Question about shader ('Add' vs 'Pack Float2')

I am a complete newbie about all shader things, testing things with material node editor.

What I wanted to make was a simple box fill sprite material, getting a sprite with two colors and a fill value(0 to 1).



With some trial and errors and referring Flax Material Tour examples, I managed to make a material above with following nodes.

But I still cannot understand why Add node (red circle below) is needed instead of ‘Pack Float2’ node, which I thought the answer at the first time.

‘UVs’ input hint popup of Sample Texture node tells me that this is a Float2 value, so I tried to merge a variable of a float and a constant of a float.


But this made the Sampling node to pick only single point of a UV plane, filling the entire output plane with a single color.


What is the difference between ‘Add’ and ‘Pack xxx’?
Isn’t the ‘Add’ node memberwise vector sum?
Why ‘Sample texture’ acts totally different (UV shift vs. point capture and fill) with same(?) Float2 values?

I struggled to track what is the actual input/output value/form of the nodes because it was hard to match the actual behaviours of the value flow with what I supposed reading the document.

Is there some kind of debugger for material editor? I see many graph type shader editors provide somewhat ‘visualizers’ to keep track what is the output of nodes.

This level of feature is could be too big, but I think some kind of probe to point with the mouse at the edge of nodes, telling what type/values are flowing through currently will be a great help.

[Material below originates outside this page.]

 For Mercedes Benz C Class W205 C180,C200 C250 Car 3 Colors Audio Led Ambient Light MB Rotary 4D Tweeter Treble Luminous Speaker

Keep in mind that in Flax’s Material Nodes

A * B != B * A

Because the node output is cast to the (first?) datatype passed into the node. (I also get confused all the time).

Pack Float2 node accepts 2 floats and packs them into a FLoat2 (Or Vector2) where X is first input and Y second

Add is just an add, but with the catch of the first data type being the output

Add node’s output depends on the first arg, but Pack Float2 node always output as Float2 right?

Yes, but the inputs may be truncated if you provide anything besides 1 dimensional types

Yes, and I was curious that why the Float2 into the UV input samples a single color.

How would you expect it to behave when you input a Float2 output into a Float1 Input?

Sorry I couldn’t understand. Is UV a single Float1? I was thinking that U and V are floats each.

UV is a Float2 but [Pack Float2] node accepts 2x Float1. When you try to pass in Float2 it gets truncated afaik

Yes, I passed two Float1s to the [Pack Float2] input nodes and linked its output (Float2) to the UVs input, as depicted in the screenshot above. Isn’t it?